- [What you are asked to do]: Quote, without any change, the line that contains "Ominix RevitalEyes 2-in-1" and all lines that follow it to the end of the data below.
»»
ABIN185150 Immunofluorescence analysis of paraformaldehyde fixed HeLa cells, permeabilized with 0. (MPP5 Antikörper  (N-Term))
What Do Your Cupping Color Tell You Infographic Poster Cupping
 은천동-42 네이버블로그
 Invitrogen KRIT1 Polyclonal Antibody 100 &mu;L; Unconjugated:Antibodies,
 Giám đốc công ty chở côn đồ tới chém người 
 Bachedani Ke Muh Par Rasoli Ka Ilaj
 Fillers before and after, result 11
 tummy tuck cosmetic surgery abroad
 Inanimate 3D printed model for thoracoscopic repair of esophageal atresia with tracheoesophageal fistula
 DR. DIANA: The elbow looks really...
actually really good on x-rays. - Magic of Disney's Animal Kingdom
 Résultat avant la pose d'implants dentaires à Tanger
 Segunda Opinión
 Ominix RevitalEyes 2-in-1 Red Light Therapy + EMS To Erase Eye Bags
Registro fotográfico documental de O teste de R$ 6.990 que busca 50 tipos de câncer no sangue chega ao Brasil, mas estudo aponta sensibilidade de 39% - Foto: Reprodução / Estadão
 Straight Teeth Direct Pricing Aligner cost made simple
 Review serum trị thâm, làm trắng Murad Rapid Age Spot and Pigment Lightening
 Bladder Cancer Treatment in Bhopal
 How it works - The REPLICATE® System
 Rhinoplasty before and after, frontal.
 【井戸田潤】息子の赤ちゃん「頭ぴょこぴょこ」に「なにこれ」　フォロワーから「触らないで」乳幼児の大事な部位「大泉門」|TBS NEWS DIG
««
- [The answer]:
 Ominix RevitalEyes 2-in-1 Red Light Therapy + EMS To Erase Eye Bags
Registro fotográfico documental de O teste de R$ 6.990 que busca 50 tipos de câncer no sangue chega ao Brasil, mas estudo aponta sensibilidade de 39% - Foto: Reprodução / Estadão
 Straight Teeth Direct Pricing Aligner cost made simple
 Review serum trị thâm, làm trắng Murad Rapid Age Spot and Pigment Lightening
 Bladder Cancer Treatment in Bhopal
 How it works - The REPLICATE® System
 Rhinoplasty before and after, frontal.
 【井戸田潤】息子の赤ちゃん「頭ぴょこぴょこ」に「なにこれ」　フォロワーから「触らないで」乳幼児の大事な部位「大泉門」|TBS NEWS DIG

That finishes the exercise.